Below code is for just testing on google dataset which are applied yamnet model for prediction which are predict on it correctly.**bold text**

In [None]:
import tensorflow as tf
import tensorflow_hub as hub
import numpy as np
import csv

import matplotlib.pyplot as plt
from IPython.display import Audio
from scipy.io import wavfile

In [None]:
# Load the model.
model = hub.load('https://tfhub.dev/google/yamnet/1')

In [None]:
# Find the name of the class with the top score when mean-aggregated across frames.
def class_names_from_csv(class_map_csv_text):
  """Returns list of class names corresponding to score vector."""
  class_names = []
  with tf.io.gfile.GFile(class_map_csv_text) as csvfile:
    reader = csv.DictReader(csvfile)
    for row in reader:
      class_names.append(row['display_name'])

  return class_names

class_map_path = model.class_map_path().numpy()
class_names = class_names_from_csv(class_map_path)

In [None]:
def ensure_sample_rate(original_sample_rate, waveform,
                       desired_sample_rate=16000):
  """Resample waveform if required."""
  if original_sample_rate != desired_sample_rate:
    desired_length = int(round(float(len(waveform)) /
                               original_sample_rate * desired_sample_rate))
    waveform = scipy.signal.resample(waveform, desired_length)
  return desired_sample_rate, waveform

In [None]:
!curl -O https://storage.googleapis.com/audioset/speech_whistling2.wav

In [None]:
!curl -O https://storage.googleapis.com/audioset/miaow_16k.wav

In [None]:
# wav_file_name = 'speech_whistling2.wav'
wav_file_name = 'miaow_16k.wav'
sample_rate, wav_data = wavfile.read(wav_file_name, 'rb')
sample_rate, wav_data = ensure_sample_rate(sample_rate, wav_data)

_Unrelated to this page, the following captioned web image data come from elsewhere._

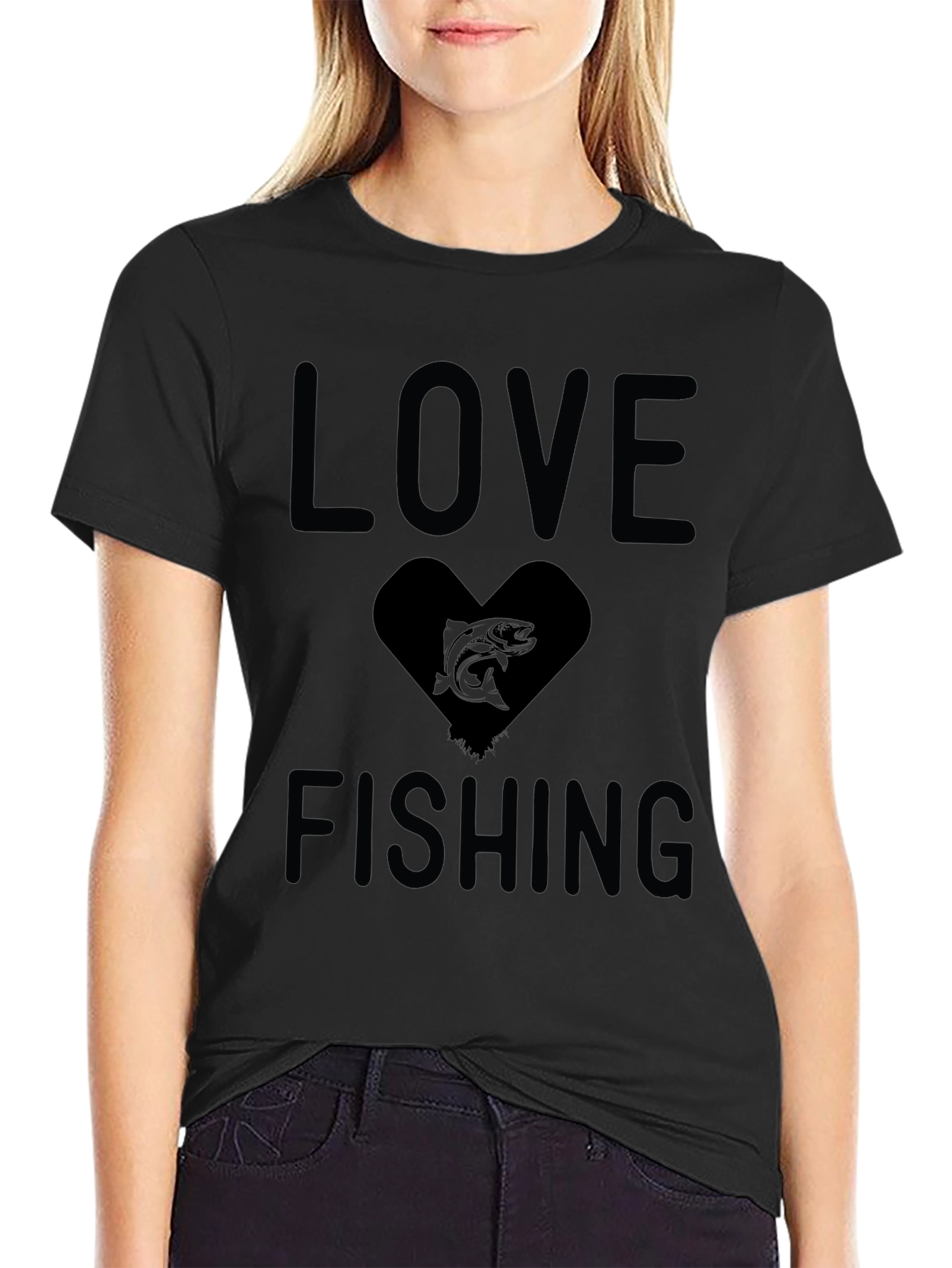 Love Fishing Black Graphic T-Shirt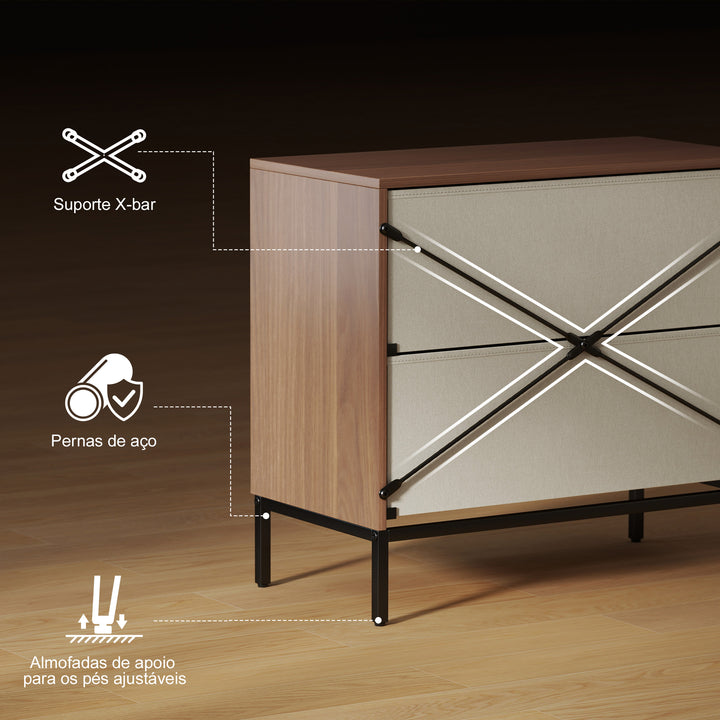 Cómoda com 2 Gavetas de Tecido Cómoda para Quarto Frentes com Padrão de Diamante Móvel de Arrumação para Sala de Estar Escritório Closet 59,5x30x54 cm Madeira e Branco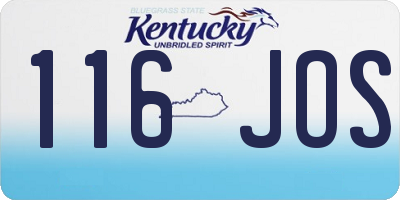 KY license plate 116JOS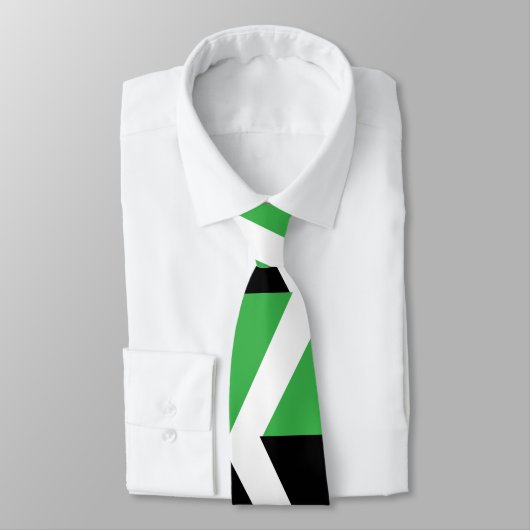 Zwart Groen Chevron Stripe Stropdas (Gebonden)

# Show some basic information about the audio.
duration = len(wav_data)/sample_rate
print(f'Sample rate: {sample_rate} Hz')
print(f'Total duration: {duration:.2f}s')
print(f'Size of the input: {len(wav_data)}')

# Listening to the wav file.
Audio(wav_data, rate=sample_rate)

In [None]:
waveform = wav_data / tf.int16.max

In [None]:
# Run the model, check the output.
scores, embeddings, spectrogram = model(waveform)

In [None]:
scores_np = scores.numpy()
spectrogram_np = spectrogram.numpy()
infered_class = class_names[scores_np.mean(axis=0).argmax()]
print(f'The main sound is: {infered_class}')

In [None]:
plt.figure(figsize=(10, 6))

# Plot the waveform.
plt.subplot(3, 1, 1)
plt.plot(waveform)
plt.xlim([0, len(waveform)])

# Plot the log-mel spectrogram (returned by the model).
plt.subplot(3, 1, 2)
plt.imshow(spectrogram_np.T, aspect='auto', interpolation='nearest', origin='lower')

# Plot and label the model output scores for the top-scoring classes.
mean_scores = np.mean(scores, axis=0)
top_n = 10
top_class_indices = np.argsort(mean_scores)[::-1][:top_n]
plt.subplot(3, 1, 3)
plt.imshow(scores_np[:, top_class_indices].T, aspect='auto', interpolation='nearest', cmap='gray_r')

# patch_padding = (PATCH_WINDOW_SECONDS / 2) / PATCH_HOP_SECONDS
# values from the model documentation
patch_padding = (0.025 / 2) / 0.01
plt.xlim([-patch_padding-0.5, scores.shape[0] + patch_padding-0.5])
# Label the top_N classes.
yticks = range(0, top_n, 1)
plt.yticks(yticks, [class_names[top_class_indices[x]] for x in yticks])
_ = plt.ylim(-0.5 + np.array([top_n, 0]))